Guest Post by Dave Rhodes

Participation in organised sport among young people is strong through primary school years, yet the drop-off during adolescence is well established. Recent initiatives, including corporate-backed programmes and community festivals, highlight a growing effort to address this decline, particularly among girls. The assumption underpinning many of these efforts is that participation must be retained through more support, more visibility, and more opportunity. The question is whether the issue is one of insufficient provision, or whether something more structural is at play.

CORANZ, Council of Outdoor Recreation Associations of NZ

As children move into their teenage years, the nature of organised sport changes. Teams become more competitive, selection replaces inclusion, and expectations increase around performance and commitment. What was once social and flexible becomes structured and demanding. For some, this progression is welcome. For many others, it is not. The system begins to narrow participation, not expand it. Those who do not wish to follow a competitive pathway often find fewer options available to remain involved at a level that suits them.
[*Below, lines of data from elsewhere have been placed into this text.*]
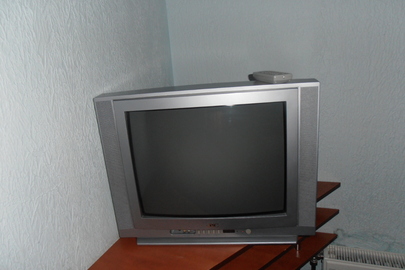 Телевізор марки "JVC" модель AV-2135ЕЕ, бувший у використанні, сірого кольору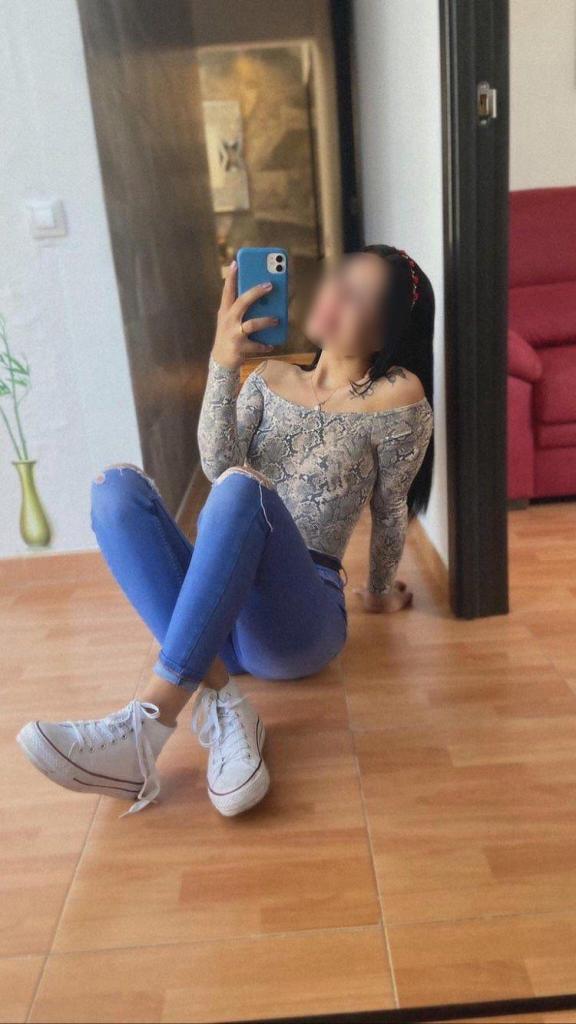 Chica busca chico en Tenerife: 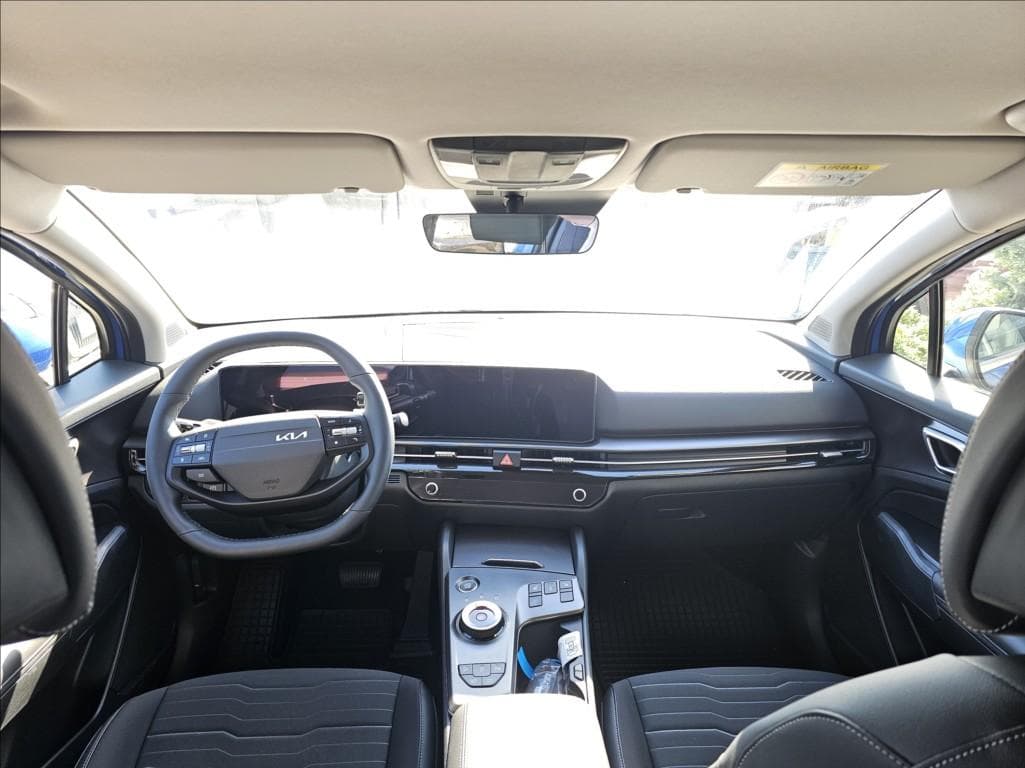 2026 Kia SPORTAGE - 11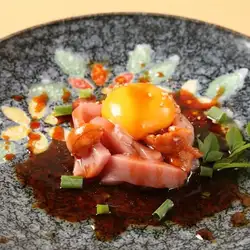 鮪と雲丹のユッケ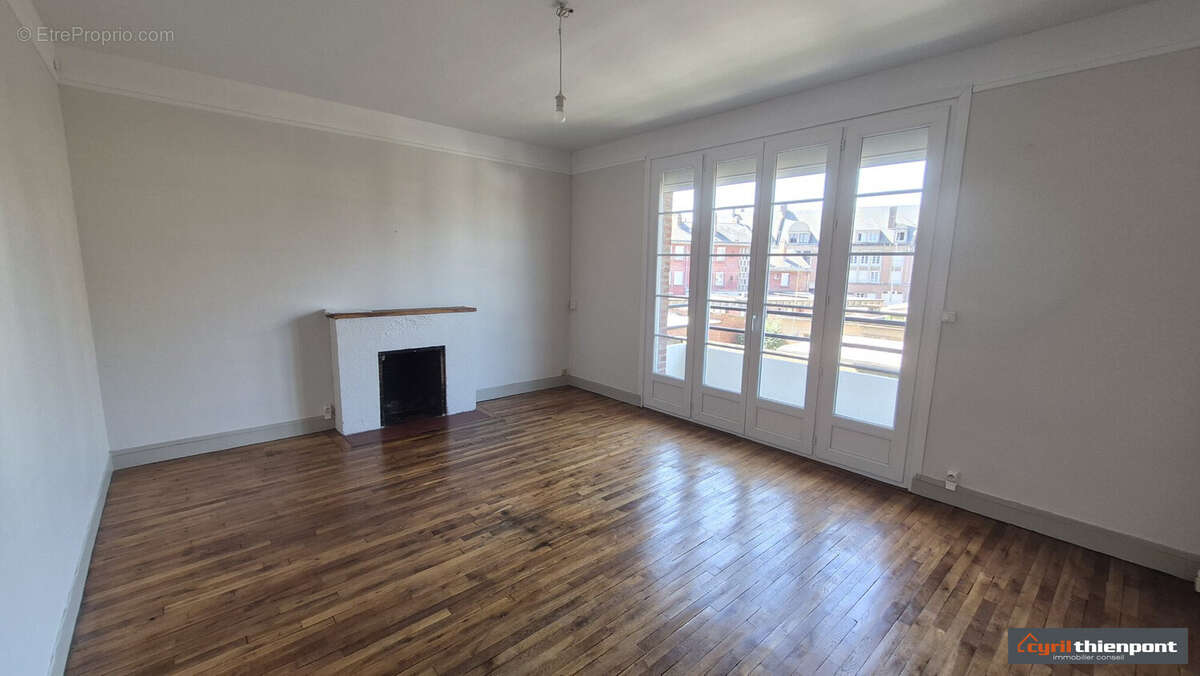 Appartement à ABBEVILLE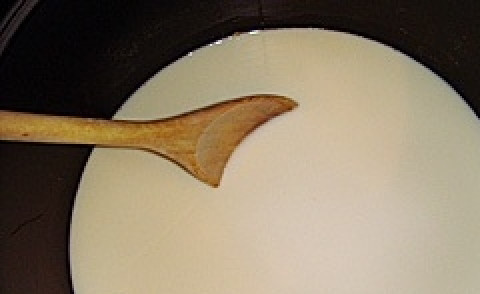 1. Этап. Рисовая молочная каша в мультиварке: В мультиварку добавьте молоко, масло, соль и сахар, все тщательно перемешайте.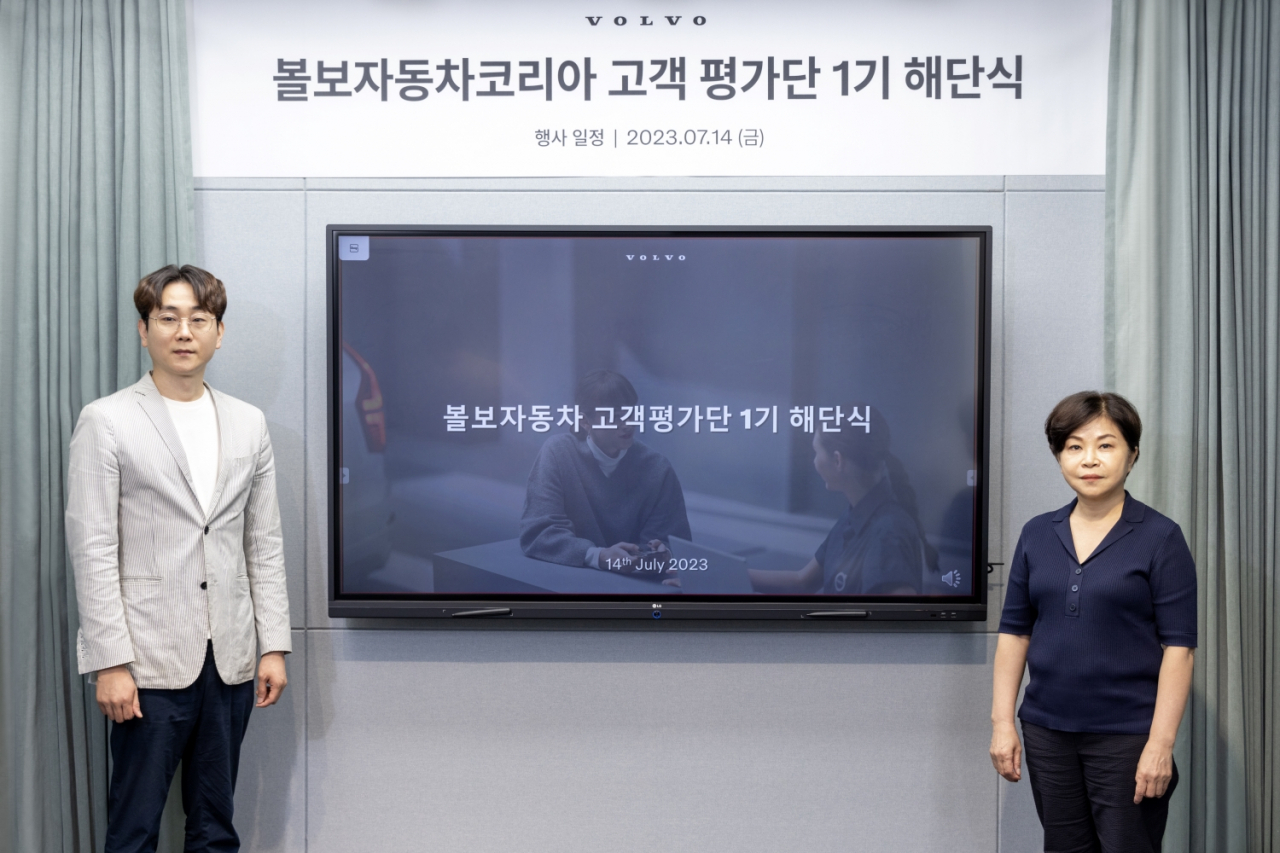 지난 14일 서울 강남구 본사에서 열린 ‘볼보자동차 고객평가단’ 1기 온라인 해단식에서 이한구(왼쪽부터) 고객 서비스팀 차장, 송경란 고객 서비스 총괄 전무가 기념사진을 촬영하고 있다. [볼보자동차코리아 제공]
This pattern is not limited to girls, although it is often more visible there. Boys experience similar attrition, particularly where ability, time commitment, or competing interests shift. The common factor is not a lack of interest in activity, but a mismatch between what organised sport becomes and what individuals want from it. Increasing the number of programmes or events does not necessarily address that mismatch if the underlying structure remains unchanged.

There is also a tendency to frame retention as a problem to be solved through encouragement and investment alone. While both have value, they do not alter the fundamental trajectory of organised sport as participants age. Systems designed to include young children often evolve into systems that select and filter adolescents. That transition is inherent, not accidental. Attempting to counter it without recognising its nature risks treating symptoms rather than causes.

The issue, then, is not simply how to keep young people in sport. It is whether we understand why they leave, and whether the current responses are aligned with that reality.